Atlantic Forestry January 2019

Lahey implementation brings uncertainty, high hopes, intellectual honesty

After studying Bill Lahey’s forestry review report for more than three months, the Nova Scotia government came through with an official response on Dec. 3, announcing its intention to fully embrace a new “ecological forestry” paradigm and to implement the “triad” approach (whereby land is designated either for conservation, for high-production timber management, or as “matrix” forest where multi-aged management prevails).

Iain Rankin, the minister of Lands and Forestry, indicated that he accepts all 45 of Lahey’s recommendations, which are mostly directed at Crown land. “The months and years ahead will be a time of transition,” he said, alluding to the fact that these changes will not occur overnight. In fact, most of the details have yet to be hammered out. There are quite a few unknowns – both for industry players, and for members of the general public seeking concrete evidence that the promised transition will actually transpire.

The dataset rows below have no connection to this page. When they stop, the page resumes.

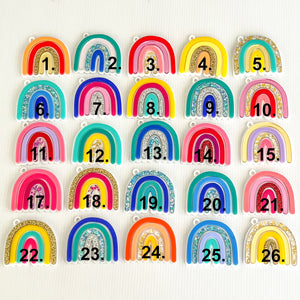 Bright Rainbows Collection 3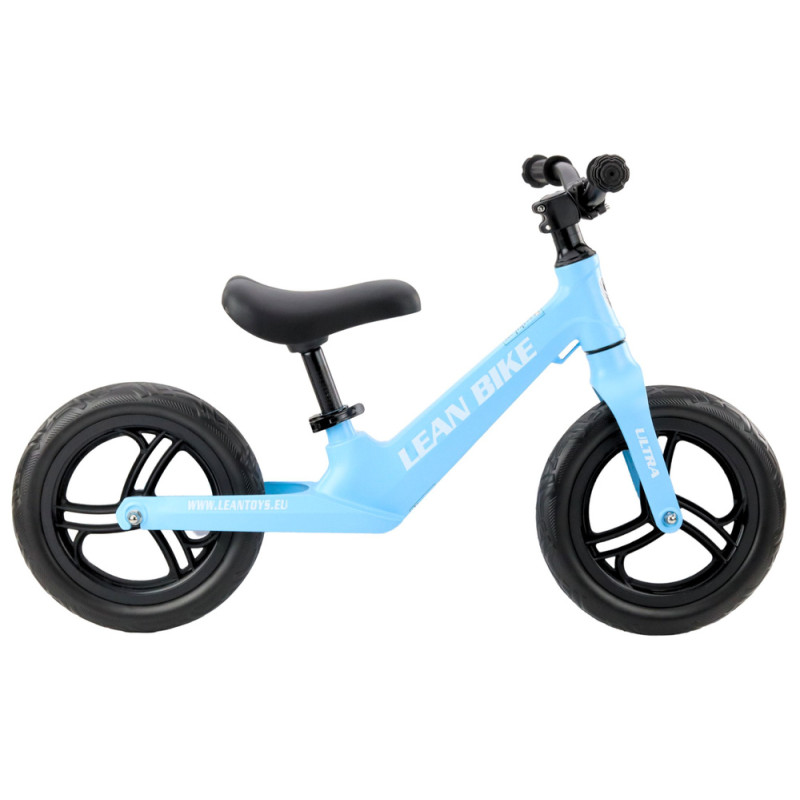 Rower biegowy Ultra - lekka rama magnezowa, niebieski | EAN: 5905991065043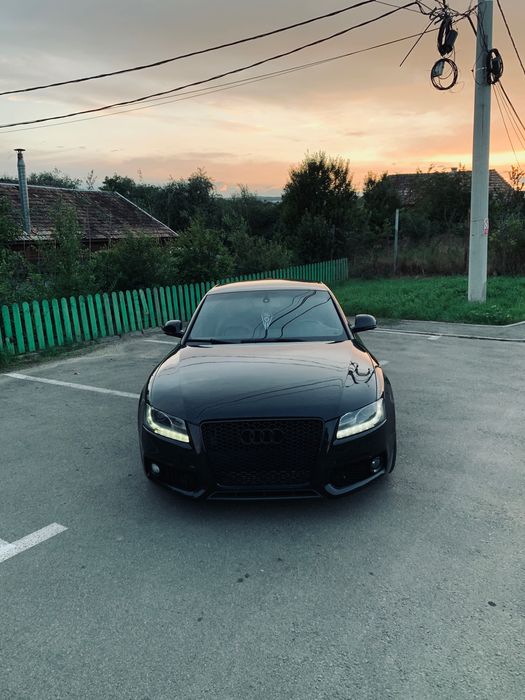 Audi a5 coupe 2.7 V6 automat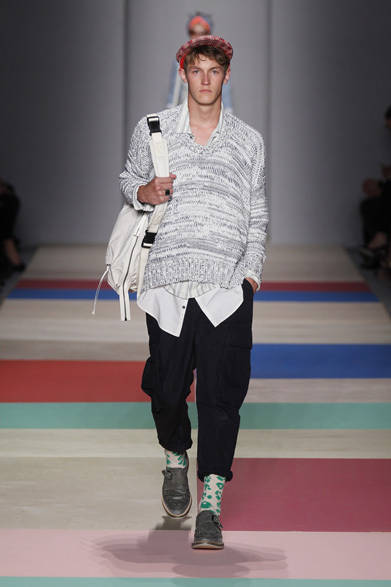 　2013年春夏コレクション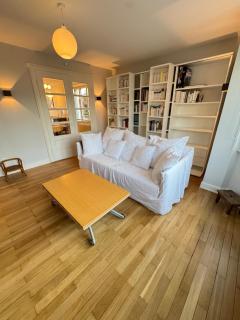 Le Majestic - Spacieux - Moderne - Proche centre - Terrasse - 4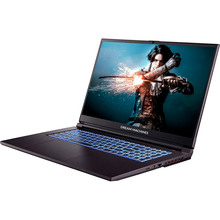 Ноутбук Dream Machines RG2050-17 Black (RG2050-17UA31)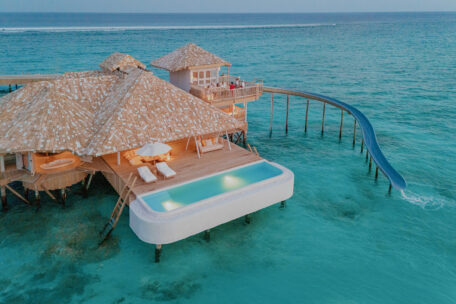 Khu nghỉ dưỡng Soneva Secret Maldives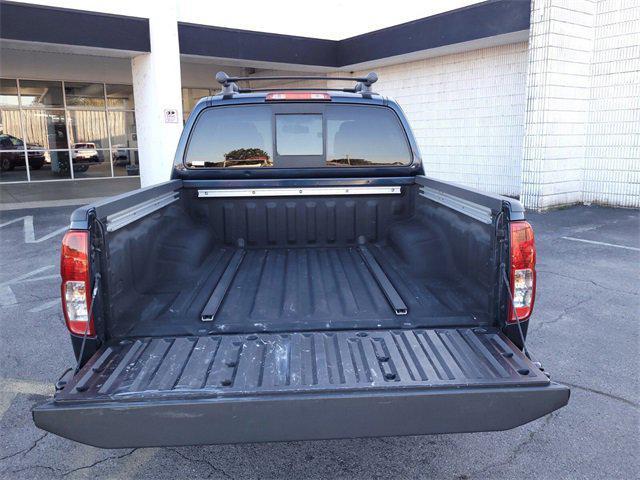 used 2021 Nissan Frontier car, priced at $28,880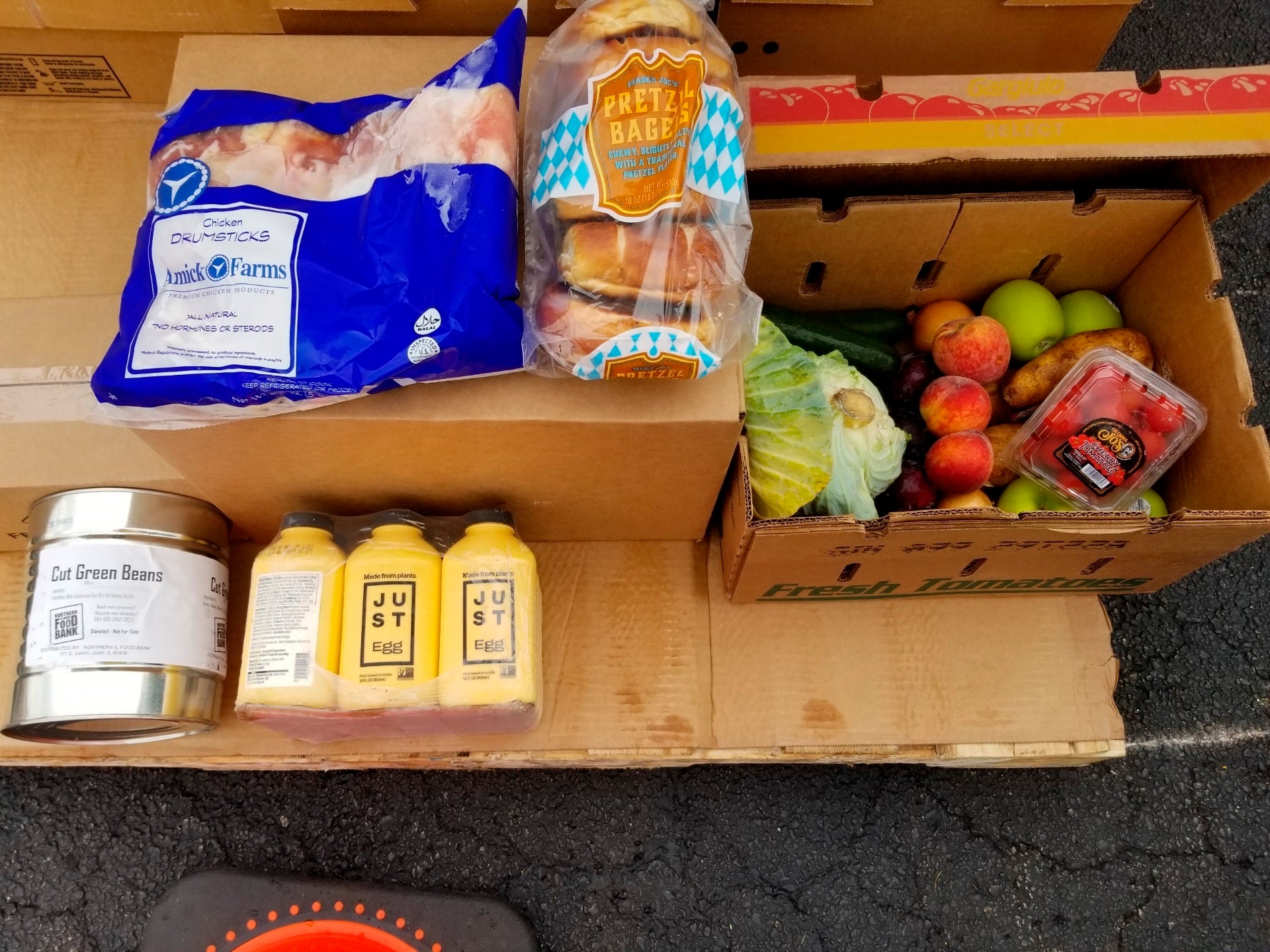 Consumer Spending-Divided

In the year to come, the province will draw on external expert advice to revise the Forest Management Guide for Crown land, with greater emphasis on ecological values. A related task, also involving outside scientific expertise, will be a peer review of the department’s Natural Disturbance Regimes mapping and methodology (which are widely understood to have mischaracterized a lot of forest, leading to a preponderance of clearcutting prescriptions). The pre-treatment assessment process is slated for revision as well, with greater emphasis on protecting wildlife habitat and species at risk.

A legislative framework for this more ecological approach will arrive this year in the form of a Biodiversity Act. The government has also committed to reviewing the Crown Lands Act.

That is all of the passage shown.